▶ _Data_

--- START ---

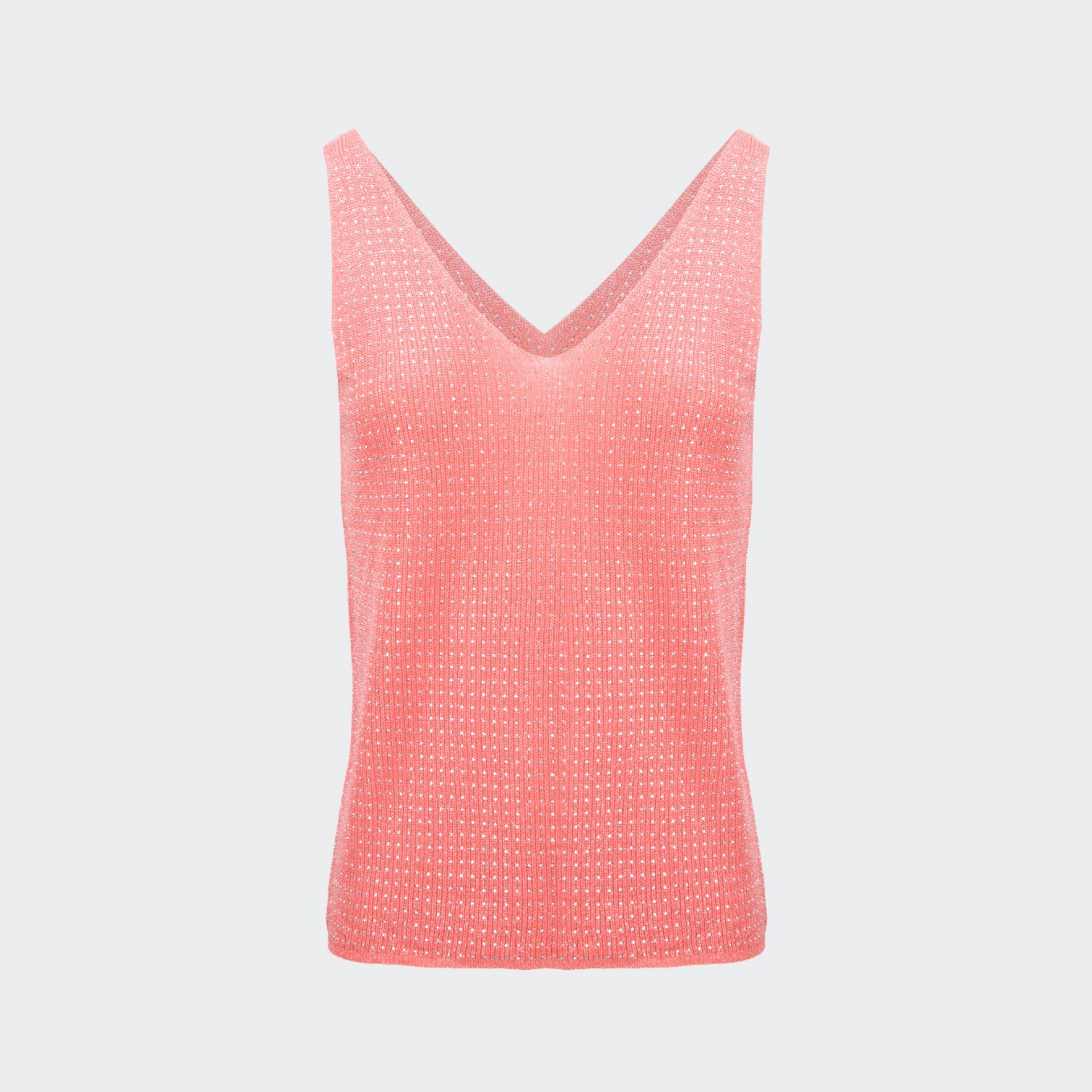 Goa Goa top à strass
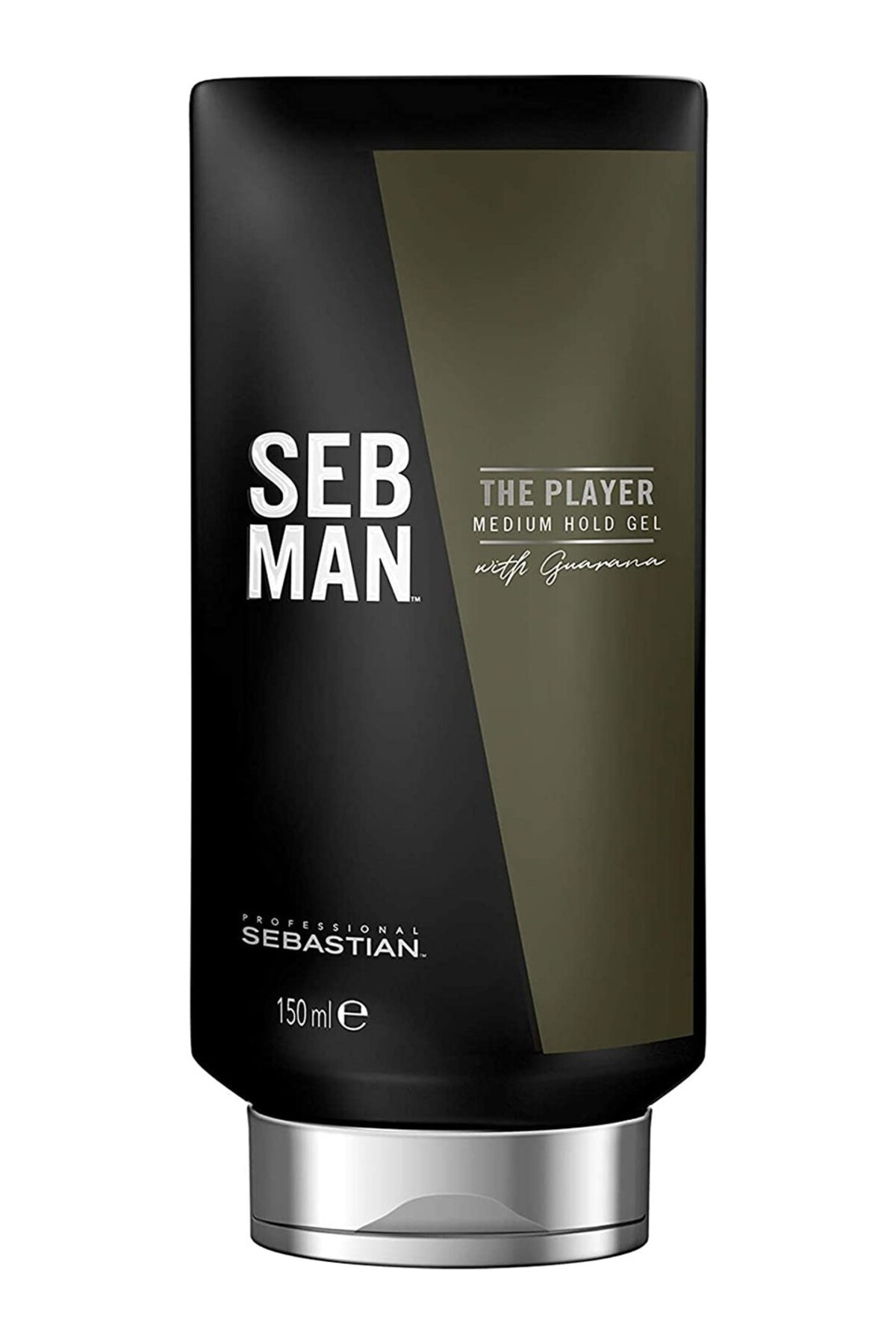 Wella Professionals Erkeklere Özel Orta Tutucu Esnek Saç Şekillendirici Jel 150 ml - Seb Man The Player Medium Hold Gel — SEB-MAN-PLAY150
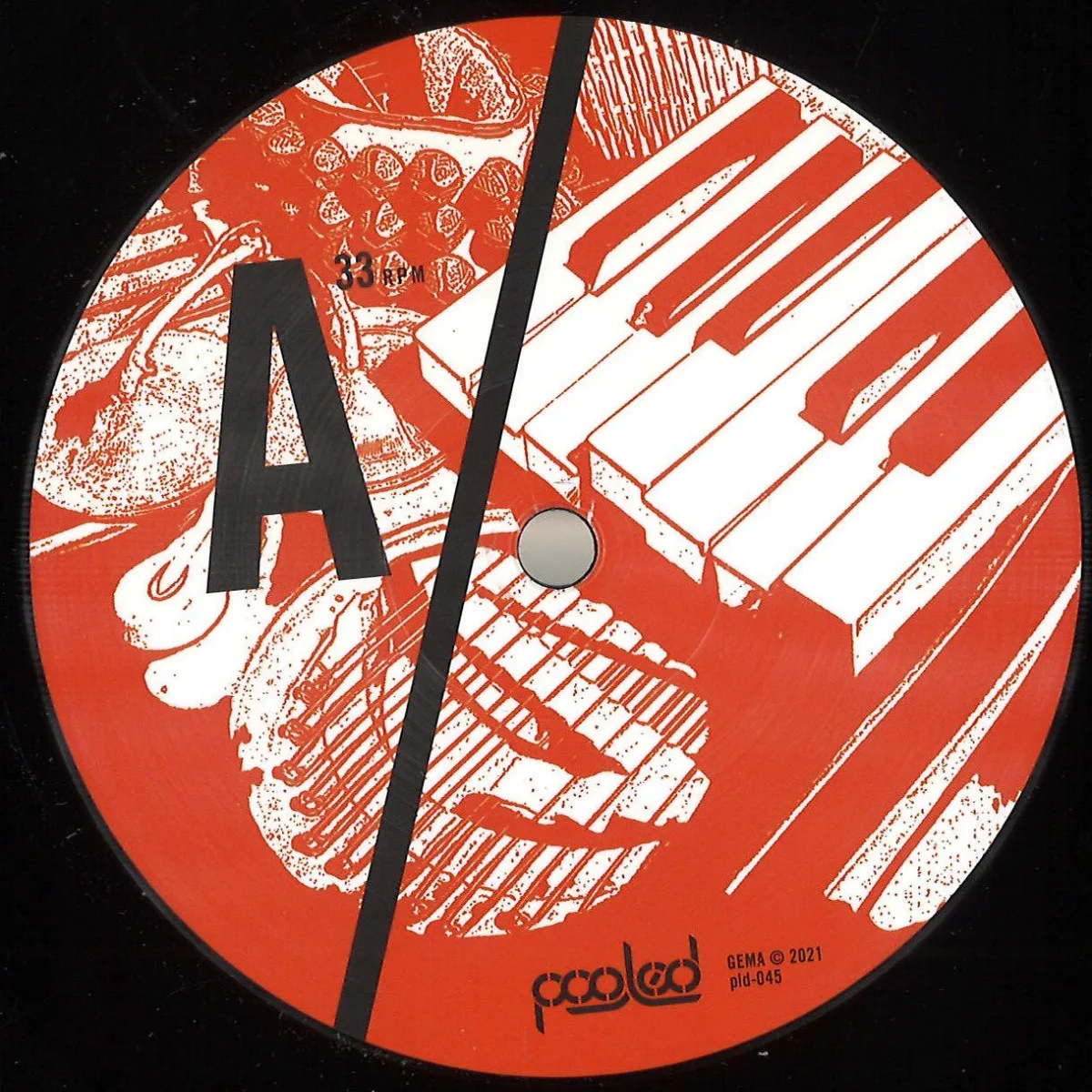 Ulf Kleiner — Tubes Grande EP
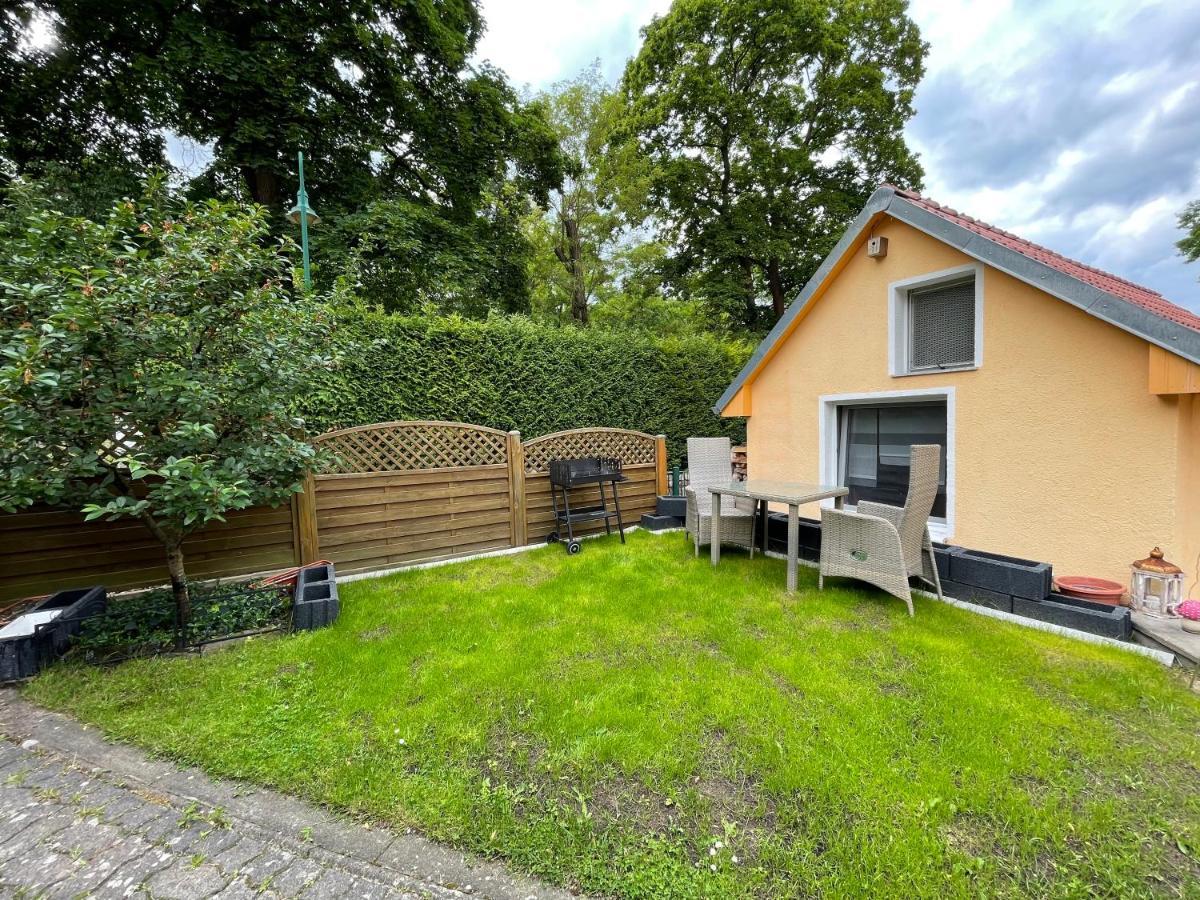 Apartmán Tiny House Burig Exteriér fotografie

--- END ---

Set down the line containing "Wella Professionals Erkeklere" and every line after it up to the end of the material, exactly as written, but not the pictures.

▶ _Output of the task_
 Wella Professionals Erkeklere Özel Orta Tutucu Esnek Saç Şekillendirici Jel 150 ml - Seb Man The Player Medium Hold Gel — SEB-MAN-PLAY150
 Ulf Kleiner — Tubes Grande EP
 Apartmán Tiny House Burig Exteriér fotografie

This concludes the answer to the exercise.